[Exercise data Boundary: Start]
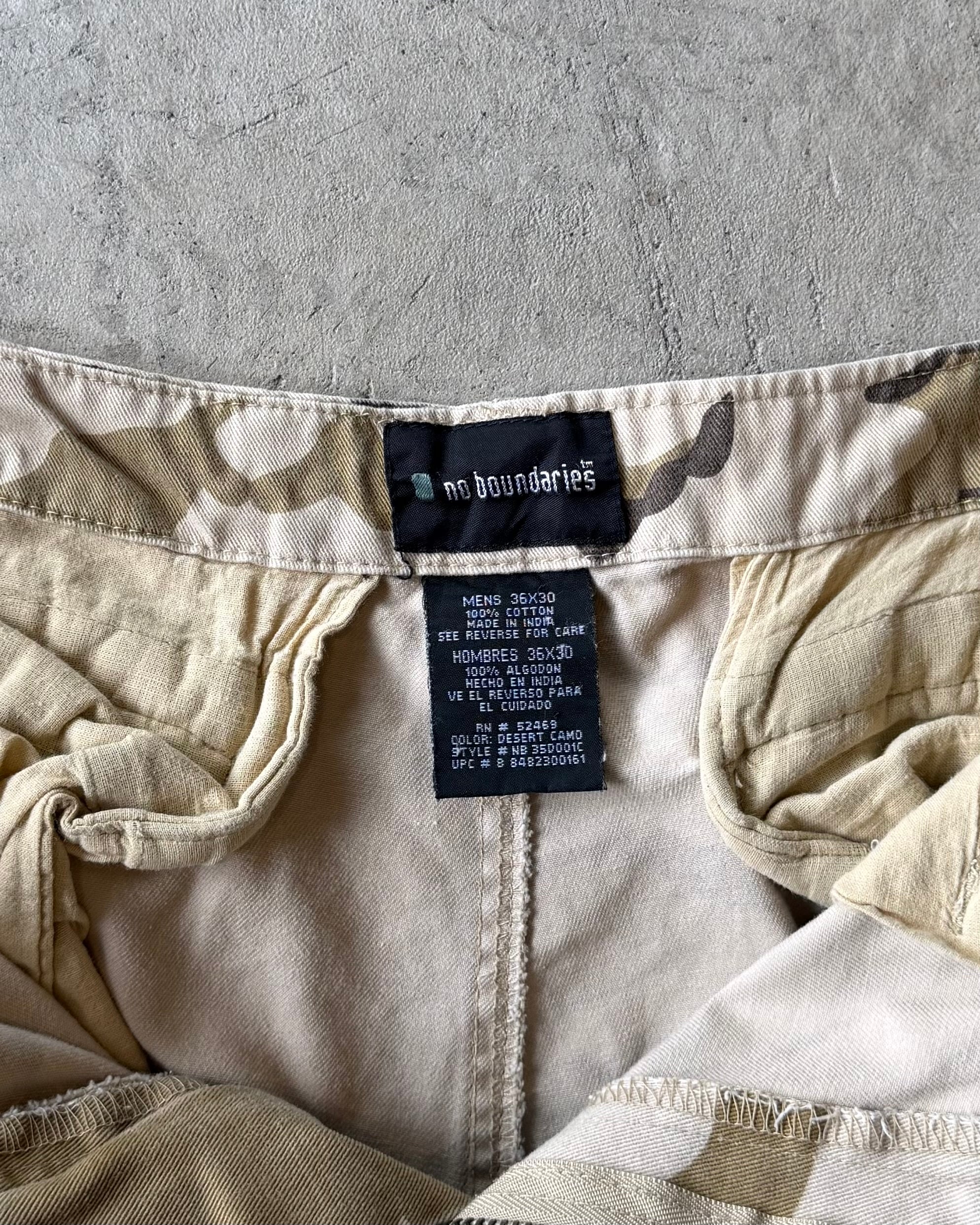 00’s “no boundaries” camouflage cargo pants 36×30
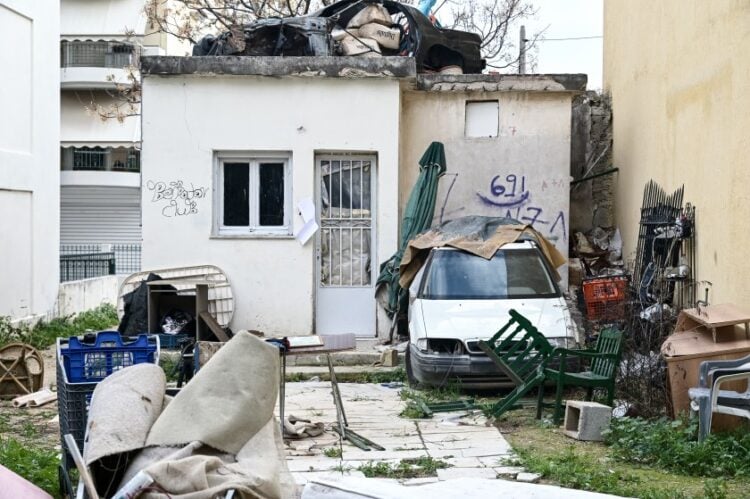 Στιγμιότυπο από εγκαταλελειμμένο σπίτι επί της οδού Μυλοποτάμου στο Ίλιον όπου από την έρευνα της Αστυνομίας προέκυψε πως εκεί οκτώ ανήλικοι, επί ένα μήνα, βίαζαν και κακοποιούσαν 15χρονο συμμαθητή τους.
(φωτ.: Μιχάλης Καραγιάννης/EUROKINISSI)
[Exercise data Boundary: End]
#### The task:
Return each line of the material exactly as written; exclude the pictures.

#### Task solution:
 00’s “no boundaries” camouflage cargo pants 36×30
 Στιγμιότυπο από εγκαταλελειμμένο σπίτι επί της οδού Μυλοποτάμου στο Ίλιον όπου από την έρευνα της Αστυνομίας προέκυψε πως εκεί οκτώ ανήλικοι, επί ένα μήνα, βίαζαν και κακοποιούσαν 15χρονο συμμαθητή τους.
(φωτ.: Μιχάλης Καραγιάννης/EUROKINISSI)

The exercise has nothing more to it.